The image mingled with memories of the previous summer, when her world had been crushed as easily as the car against the wall. Concertinaed, trapping her in a role she’d planned to escape.
But Rain was correct, in part. To the outside world Saffron had done a brilliant job of holding it together, of being stoic and brave and just getting on with it all. Until, almost a year afterwards, she’d dropped out of her medical training, becoming angry and withdrawn. And then the meltdown, total collapse. Holding it together like that had acted like a pressure cooker on her emotions. The resulting explosion was messy. Unlike strangers, Rain had seen all this. She’d blocked her mind to it, though. Her mother was so very, very good at deception.
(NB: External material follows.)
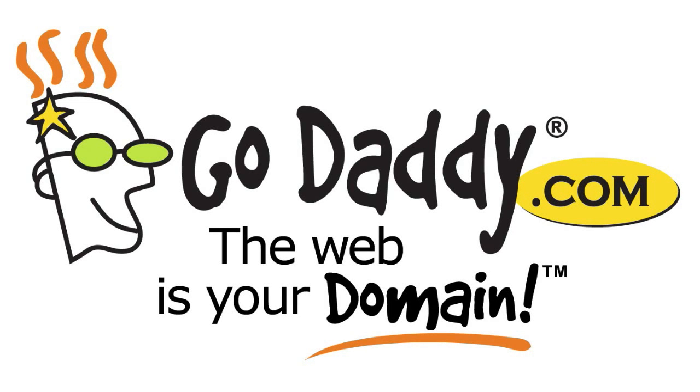This episode of Scientific Tuesdays is brought to you by GoDaddy. On this week's episode of Scientific Tuesdays, we're going to do something a little bit different.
‘Mum, I’m not going to pass out. I’m much more worried about you. Let’s go.’ She flung open the door and leapt out, her gut liquid with nerves. Dawdling would give her time to bottle out. It was important to get inside a hospital again. The first step towards going back. And it wasn’t as if she was going in there as a doctor, pretending to be someone who could make everyone better. She was a visitor, nothing more.
She bent down and knocked on the window. Rain was fussing, still sitting in the passenger seat. ‘Come on!’ Saffron shouted.
Chapter Ten
As it transpired, Saffron didn’t have to go on to a ward, and though she’d felt distinctly wobbly she’d made it through the main doors without hesitating. Miss Shawcroft, Mair as she insisted upon being called, was in the day room, sitting in a wheelchair, stuffing a knitted doll. She made them for the children, she said, though Saffron couldn’t imagine any child wanting to cuddle up with the creature laid on Mair’s expansive lap, one loose, under-stuffed leg dangling over Mair’s knee. With large buttons for eyes and a stitched on scowl – surely meant as a smile – it was nightmarish.
Rain retrieved a box of chocolates from her bag. Saffron stared at the doll.
‘Ugly old thing, isn’t she?’ Mair said.
‘Don’t be silly,’ Rain said, offering the gift.
‘I like her,’ Saffron said.
Mair picked up the doll and shook it. ‘She looks like she’s had polio, though you’re far too young to know what I’m talking about. Now, pull up those chairs, why don’t you,
bach
? We’ll stay here. Much nicer than the ward.’
Saffron wasn’t sure that it was. Mediocre watercolours, of country scenes and coastal ways, hung at odd angles on magnolia walls. The walls were marked and grubby, in desperate need of a fresh coat of paint, and the only decoration other than the awful prints was a bunch of fabric flowers in a chipped vase on the windowsill. The stink of disinfectant underpinned by piss and blood and pain lurked, the unmistakable scent of a hospital and one Saffron barely used to notice.
‘I know what polio is,’ Saffron said.
‘Course you do,
bach
. You’re a doctor. Though I’ll bet you’ve not seen a kiddie with it?’